Wednesday, January 1, 2020

2019 Reading by the Numbers

This year, I used the Book Riot 2019 Reading Log to track my reading in addition to using Goodreads. The built in charts and graphs allowed me to see at a glance data that used to take me hours to compile in previous years. Huzzah! The Book Riot 2020 Reading Log is available now and I highly recommend it - you can just use the parts that work for you. For instance, I don't log books I DNF, or at least I didn't in 2019, but might do that this year as an experiment. (This is not a paid advertisement, by the way, just a tool that works for me!)

Overall, I read 305 books that I logged in 2019. I read another set of books for my duties as a member of the Over the Rainbow Booklist Committee but since I don't publicly rate those, I didn't find it useful to include them in the log if I planned to share it, which you know I did.

Some celebrities think end of year booklists are bullshit, but I persist. Sharing what I read is the greatest joy in my life, but I also have goals that I like to see coming to fruition through carefully kept data. (Those who know Gallup strengths, and know mine, would not be shocked.)

So the first piece of data is pretty simple, fiction vs. non-fiction.
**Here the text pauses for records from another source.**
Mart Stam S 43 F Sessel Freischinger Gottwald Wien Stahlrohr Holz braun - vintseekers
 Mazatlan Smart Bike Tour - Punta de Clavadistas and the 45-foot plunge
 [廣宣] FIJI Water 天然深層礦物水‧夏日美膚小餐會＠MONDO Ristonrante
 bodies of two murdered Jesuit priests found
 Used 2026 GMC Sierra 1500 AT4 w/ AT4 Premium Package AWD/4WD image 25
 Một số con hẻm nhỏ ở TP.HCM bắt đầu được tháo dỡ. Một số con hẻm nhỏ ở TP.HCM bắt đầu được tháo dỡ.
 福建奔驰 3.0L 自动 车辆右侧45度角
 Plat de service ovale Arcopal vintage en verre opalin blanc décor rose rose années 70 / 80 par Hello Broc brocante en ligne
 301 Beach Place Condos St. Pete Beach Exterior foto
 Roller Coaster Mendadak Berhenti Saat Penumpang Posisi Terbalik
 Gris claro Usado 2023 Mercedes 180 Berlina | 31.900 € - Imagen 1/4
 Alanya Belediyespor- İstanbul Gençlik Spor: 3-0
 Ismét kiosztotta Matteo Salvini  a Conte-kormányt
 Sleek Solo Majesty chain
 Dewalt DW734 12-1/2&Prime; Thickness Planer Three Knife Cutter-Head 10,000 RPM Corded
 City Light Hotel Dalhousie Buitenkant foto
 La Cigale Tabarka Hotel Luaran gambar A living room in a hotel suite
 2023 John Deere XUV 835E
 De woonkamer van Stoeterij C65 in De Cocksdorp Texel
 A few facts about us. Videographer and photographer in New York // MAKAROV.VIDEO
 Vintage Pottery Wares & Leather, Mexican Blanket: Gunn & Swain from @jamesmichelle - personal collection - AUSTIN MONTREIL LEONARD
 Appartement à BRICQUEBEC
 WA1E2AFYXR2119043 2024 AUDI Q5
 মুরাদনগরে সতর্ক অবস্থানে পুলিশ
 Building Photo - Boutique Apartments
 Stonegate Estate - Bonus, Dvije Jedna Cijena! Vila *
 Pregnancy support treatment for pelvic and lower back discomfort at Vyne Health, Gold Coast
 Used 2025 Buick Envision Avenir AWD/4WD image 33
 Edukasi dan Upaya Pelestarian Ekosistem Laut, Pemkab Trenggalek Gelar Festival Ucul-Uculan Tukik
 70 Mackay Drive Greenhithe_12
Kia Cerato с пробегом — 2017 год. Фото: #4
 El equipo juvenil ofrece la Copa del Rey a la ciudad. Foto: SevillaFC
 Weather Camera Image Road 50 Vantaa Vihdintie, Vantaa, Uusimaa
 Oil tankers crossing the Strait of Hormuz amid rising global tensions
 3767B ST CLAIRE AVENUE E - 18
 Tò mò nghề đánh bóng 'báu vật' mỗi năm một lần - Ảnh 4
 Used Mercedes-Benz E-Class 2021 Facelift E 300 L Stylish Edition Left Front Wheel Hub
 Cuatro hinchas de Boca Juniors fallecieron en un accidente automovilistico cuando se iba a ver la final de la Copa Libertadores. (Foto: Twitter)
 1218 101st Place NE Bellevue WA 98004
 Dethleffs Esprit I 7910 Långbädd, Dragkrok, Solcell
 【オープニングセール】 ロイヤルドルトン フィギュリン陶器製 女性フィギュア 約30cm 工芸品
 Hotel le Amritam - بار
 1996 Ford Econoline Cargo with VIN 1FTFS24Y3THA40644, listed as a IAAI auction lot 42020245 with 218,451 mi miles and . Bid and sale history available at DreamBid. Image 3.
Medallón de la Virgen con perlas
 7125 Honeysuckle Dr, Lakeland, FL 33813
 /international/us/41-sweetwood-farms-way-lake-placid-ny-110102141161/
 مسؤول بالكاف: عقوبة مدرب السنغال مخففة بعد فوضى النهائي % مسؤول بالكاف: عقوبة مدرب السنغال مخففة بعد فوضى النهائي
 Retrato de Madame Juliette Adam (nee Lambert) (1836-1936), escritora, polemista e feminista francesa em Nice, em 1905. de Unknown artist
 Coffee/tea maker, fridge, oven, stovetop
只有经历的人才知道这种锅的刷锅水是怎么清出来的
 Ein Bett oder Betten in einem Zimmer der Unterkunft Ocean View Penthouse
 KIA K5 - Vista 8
I'm not surprised that fiction is almost 80% but my book club and some reading challenges keep me dipping into non-fiction.

The format is at just a little over 50% digital (and by digital, Book Riot means eBook; my audiobook listening is exclusively digital as well, but I only used "audio" for them.) I think the number of eBooks I read has a lot to do with the number of ARCs I read, since most of them are digital. I'm actually pleased that I read 10% audio, as I wouldn't have thought it was that high.

Age is not so surprising at 3% YA, one title total that is "middle grade," because I mostly read books for adults.
I read a lot of ARCs. A lot! This 50%ish number includes eBooks and physical books. But I also am using my libraries heavily - my academic library where I work, the statewide academic library consortium, interlibrary loan when I need something outside the state, and my public library system. The library number also includes all digital books I get through library subscriptions, largely Hoopla but also Libby, RB Digital, and the occasional academic eBook title.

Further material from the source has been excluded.